**WHAT TO WORK ON**
Before writing out the records, remove the pictures; keep everything else exact.

--- RECORDS SHOWN Enclosed Below ---

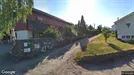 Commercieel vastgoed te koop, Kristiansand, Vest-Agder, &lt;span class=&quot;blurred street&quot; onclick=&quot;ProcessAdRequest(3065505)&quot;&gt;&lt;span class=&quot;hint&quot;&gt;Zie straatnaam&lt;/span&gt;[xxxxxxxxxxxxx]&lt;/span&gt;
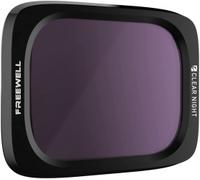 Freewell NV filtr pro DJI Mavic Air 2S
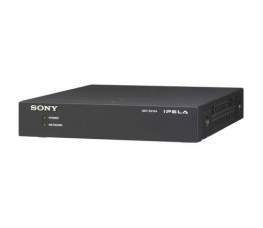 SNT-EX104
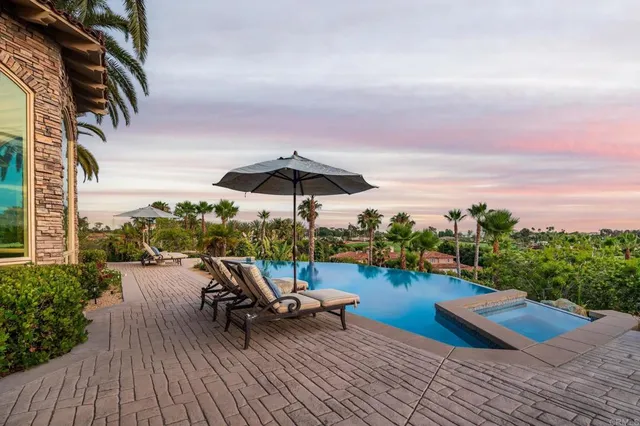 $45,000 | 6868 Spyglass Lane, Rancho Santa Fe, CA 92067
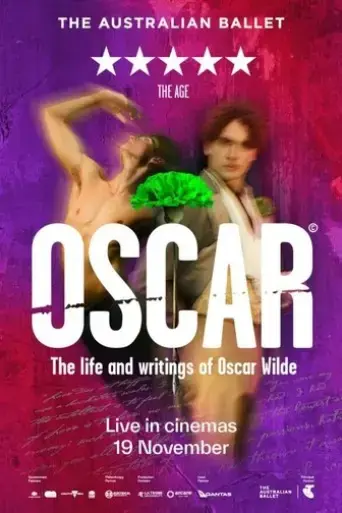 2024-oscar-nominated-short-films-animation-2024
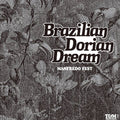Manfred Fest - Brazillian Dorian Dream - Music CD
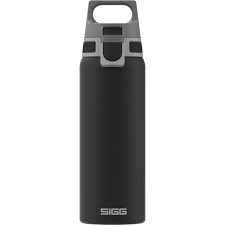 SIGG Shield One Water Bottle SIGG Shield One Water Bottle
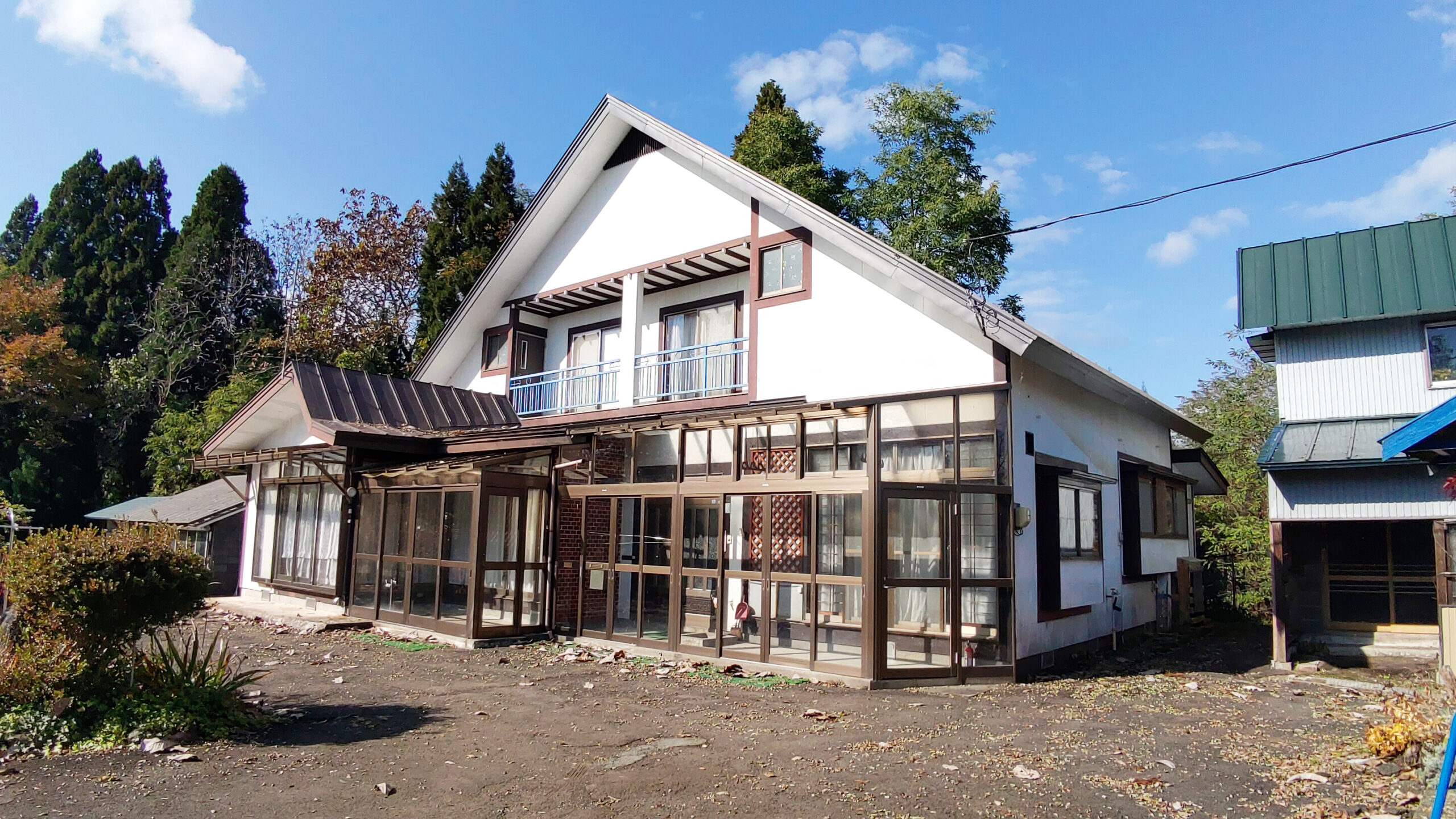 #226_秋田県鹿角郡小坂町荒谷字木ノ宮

--- End of Enclosed RECORDS SHOWN ---

**OUTPUT OF THE EXERCISE**
 Commercieel vastgoed te koop, Kristiansand, Vest-Agder, &lt;span class=&quot;blurred street&quot; onclick=&quot;ProcessAdRequest(3065505)&quot;&gt;&lt;span class=&quot;hint&quot;&gt;Zie straatnaam&lt;/span&gt;[xxxxxxxxxxxxx]&lt;/span&gt;
 Freewell NV filtr pro DJI Mavic Air 2S
 SNT-EX104
 $45,000 | 6868 Spyglass Lane, Rancho Santa Fe, CA 92067
 2024-oscar-nominated-short-films-animation-2024
Manfred Fest - Brazillian Dorian Dream - Music CD
 SIGG Shield One Water Bottle SIGG Shield One Water Bottle
 #226_秋田県鹿角郡小坂町荒谷字木ノ宮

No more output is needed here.